Bu düşünceden yola çıkan hikayesiyle, Bir Annenin Günahı dizisi Cumartesi akşamları yayınlanıyor.
Üç bölümü de izledim.
Bir Annenin Günahı; yönetmeliğini Filiz Pakman'ın yaptığı, Ahmet Yurdakul'un ise senaryosunu kaleme aldığı, dram türündeki bu dizi, Filipinler yapımı olan A Mother's Guilt dizisinden uyarlanmış.
Dizinin oyuncu kadrosunda ise; Özge Özberk, Musa Uzunlar, Mert Yazıcıoğlu, Pamir Pekin, Simay Barlas ve Emre Kınay yer alıyor.
Hikaye, genelinde akıcılığını korusa da, malum, televizyon dizilerinin sürelerinin uzunluğundan, gereksiz uzatılmış sahneler varlığını gösteriyor.
Bu dizi 40 dakika, hadi vaz geçtim 1 saat olabilseydi, daha heyecanlı izlenebilirdi.
Özellikle, polislerin, Sadri'nin katilini arama süreci ve Suna'yla bağlantısı v.s. aksiyonu dolu dolu veren sahneler vardı.
Ve sanırım, bir yerli yapımda, ilk defa fantastik bir anlatıma rastlıyorum.
Musa Eroğlu, yani Sadri karakteri, öldükten sonra, hayalet olarak Suna'nın karşısına çıkıyor ve aralarındaki iletişim devam ediyor.
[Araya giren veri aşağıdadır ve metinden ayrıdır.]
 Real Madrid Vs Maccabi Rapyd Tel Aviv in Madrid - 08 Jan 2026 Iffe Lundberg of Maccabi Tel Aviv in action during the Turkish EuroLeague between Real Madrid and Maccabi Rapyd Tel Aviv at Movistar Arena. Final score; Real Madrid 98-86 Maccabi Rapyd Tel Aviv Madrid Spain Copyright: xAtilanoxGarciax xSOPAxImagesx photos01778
Yani, bir karakter, öldükten sonra da diziden çıkmayıp, oynamaya devam ediyor.
Suna karakteri, aslında sanrısıyla (halüsinasyonuyla) konuşuyor.
Mert Yazıcıoğlu'nu, Netflix'de yayınlanan Aşk101 dizisinde ilk defa izlemiş ve oyunculuğunu çok beğenmiştim.
Oradaki doğallığını, bu dizide de korumuş.
Özge Özberk'in, fazlasıyla savruk ve ağlak oynamasını abartılı buldum.
Musa Eroğlu'nun, Sadri karakterinin ölümünden sonraki sanrı sahnelerindeki oyunu daha iyi, daha başarılı, daha canlı, daha ilgi çekiciydi.
Ama, John Travolta'nın, Micheal adlı filmde oynadığı melek karakteri gibi kostümlendirilmesi gözümden kaçmadı değil ki saçlarının uzunluğu bile sanki o havadaydı.
İzlemeyenler için çok da spoiler vermek istemiyorum.
Reyting sıralamasında ise, dizinin akıbeti pek parlak görünmüyor.
Şans vermek isterseniz Cumartesi akşamları Kanal D'de yayınlanıyor.